Shares of Helios (HLIO 0.51%), which makes highly engineered motion control and electronic controls, fell just over 12.5% in morning trading on Nov. 7. The news driving Wall Street's dour view of the company was its pre-market third-quarter earnings update, which was filled with negatives.
On the top line, Helios brought in $207.2 million in the third quarter of 2022, a 7% year-over-year decline. The hydraulic division's sales were down 2% while the electronics segment's revenue dropped 15%. In both cases, sales in the Americas were higher, but were more than offset by weakness in other markets. Rising costs, meanwhile, led to weaker margins year over year in both divisions and resulted in adjusted earnings per share falling 16% to $0.90 per share. In addition to the headwinds from the inflationary environment, the company also had to deal with closures related to Hurricane Ian and a strong dollar.
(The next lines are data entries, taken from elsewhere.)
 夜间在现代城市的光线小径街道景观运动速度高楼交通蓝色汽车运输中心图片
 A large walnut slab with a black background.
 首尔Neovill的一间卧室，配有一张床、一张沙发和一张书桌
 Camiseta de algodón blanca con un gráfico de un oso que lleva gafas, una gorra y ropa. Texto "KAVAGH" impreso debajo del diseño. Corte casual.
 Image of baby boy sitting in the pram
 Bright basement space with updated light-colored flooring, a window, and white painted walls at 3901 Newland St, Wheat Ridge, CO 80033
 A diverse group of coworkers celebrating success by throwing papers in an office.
Some of the headwinds here aren't shocking or unusual, but there's another issue to contend with: Helios missed Wall Street's consensus on both the top and bottom lines. The top-line shortfall was in the mid single digits while the earnings miss was in the high single digits. Although not terrible per se, given the difficult backdrop, investors don't like it when companies fall short like this. So, it is understandable to some degree that the stock sold off today.
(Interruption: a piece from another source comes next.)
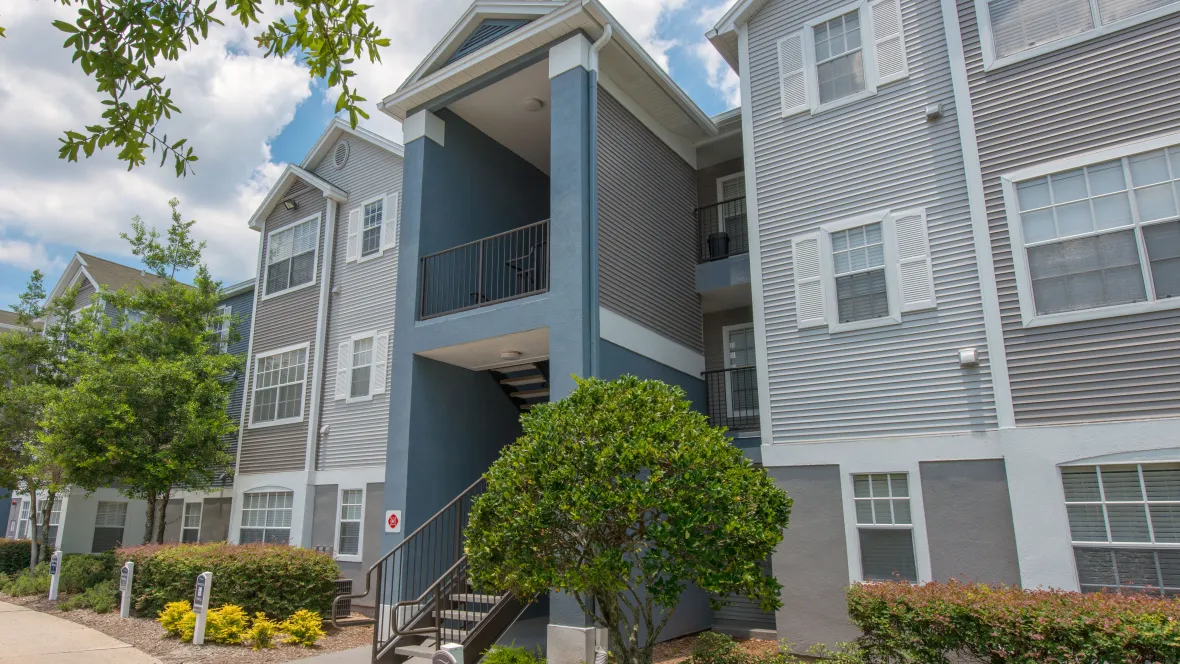 Three-story walk-up apartment buildings with calming hues of grey and blue.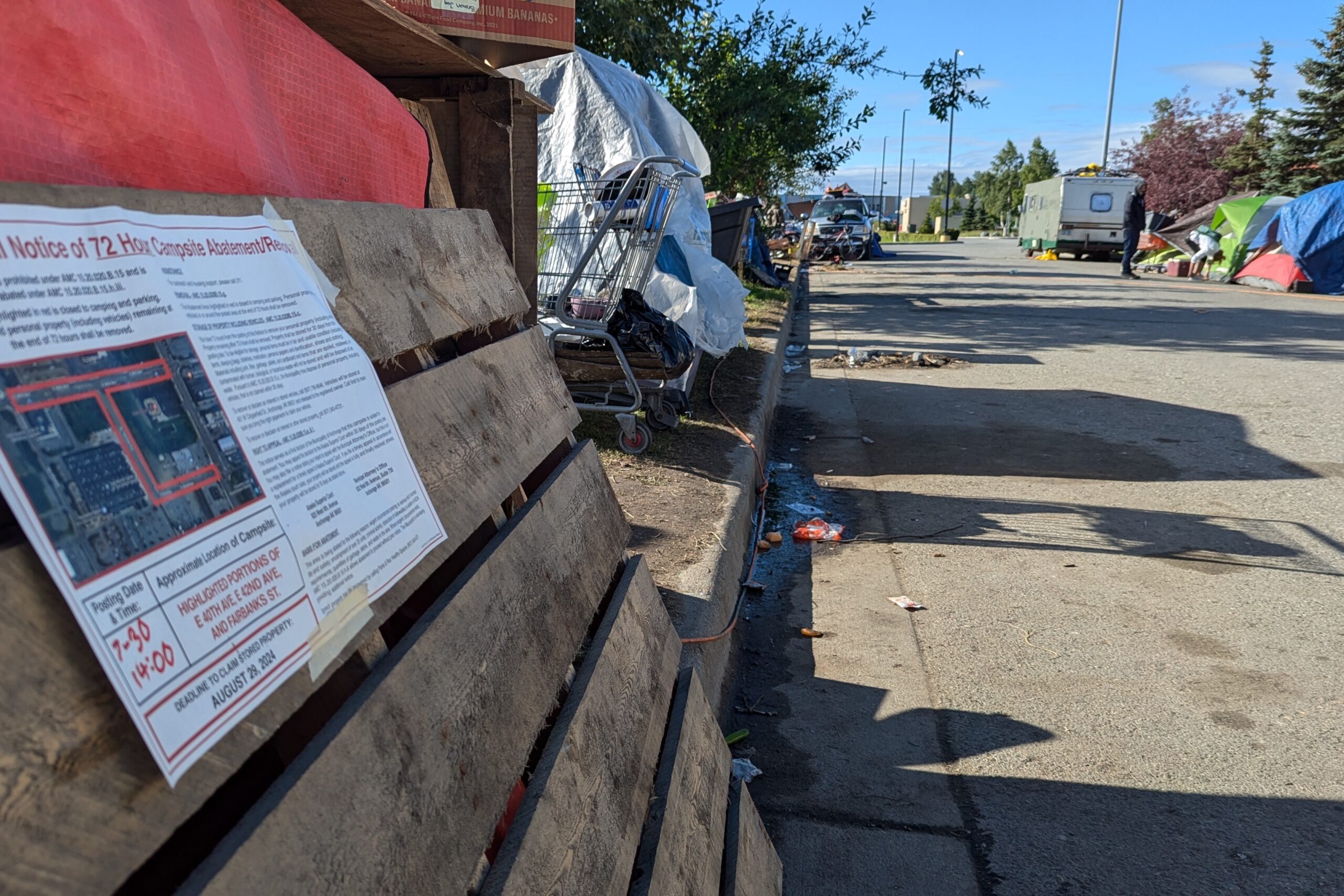 An abatement notice is taped to a wooden pallet leaning against a makeshift shelter on a street with many makeshift shelters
The problem is that it appears there's more bad news to come, with management lowering its full-year projections across a number of financial metrics. Most notably, the sales guidance fell from $930 million (the low end of its previous guidance) to a range of $885 million to $910 million. Earnings guidance dropped from $4.35 per share (again the low end of the previous range) to somewhere between $3.85 per share and $4.10 per share, which is notably below 2021's $4.25 per share in earnings. Add that update to the weak quarterly results and a glass-half-empty view of things seems fairly rational.